El juicio de Reinhold Hanning, de 94 años, antiguo guardia del campo de concentración de Auschwitz y acusado de complicidad en la muerte de miles de personas, se inició este jueves en Detmold, en el oeste de Alemania.
Debido a la enorme atención mediática que suscita, y al número de partes civiles -unas 40, procedentes de varios países-, el juicio no se celebra en la sede del tribunal sino en un local de la Cámara de comercio e industria, alejado del centro de la ciudad.
El año pasado fue también juzgado Oskar Gröning, excontable de Auschwitz. Otros dos antiguos miembros de las SS serán procesados a fines de febrero en Neubrandenburg y luego en abril en Hanau.

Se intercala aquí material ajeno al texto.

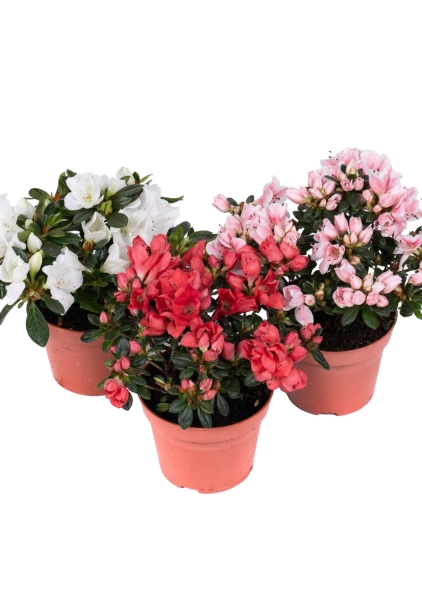 Азалия индика микс 12/25 см в CLASSICO COLOR 18 Азалия индика микс 12/25 см в CLASSICO COLOR 18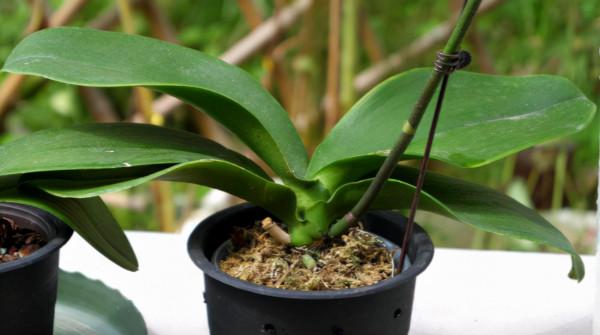 蝴蝶蘭爛葉又爛根,秋季這樣做,快速長新芽,春季就開花 蝴蝶蘭爛葉又爛根,秋季這樣做,快速長新芽,春季就開花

"La edad no tiene ninguna importancia", estimó en la prensa el fiscal Dortmund Andreas Brendel, a cargo de la acusación contra Hanning. La justicia alemana "debe a las víctimas y a sus familiares" juzgar los crímenes del III Reich.De los 6.500 SS del campo que sobrevivieron a la guerra, menos de 50 han sido condenados, en un ambiente caracterizado en Alemania por el deseo de pasar página, y además debido a la fuerte presencia de exnazis en la magistratura.
Hanning, un joven obrero que entró en las Waffen SS en julio de 1940, fue transferido a inicios de 1942 a Auschwitz. Fue miembro de las Totenkopf, una unidad de las SS cuya insignia era una calavera, trabajó en el campo de base Auschwitz-I y supervisaba a veces la llegada de prisioneros al campo de Birkenau.
Aunque tenga la palabra este jueves, nada indica que hable. A diferencia de Oskar Gröning, que testificó en un texto distribuido a los medios para "luchar contra el negacionismo", antes de pedir perdón en el juicio a las víctimas, Hanning jamás ha aludido en público a su pasado.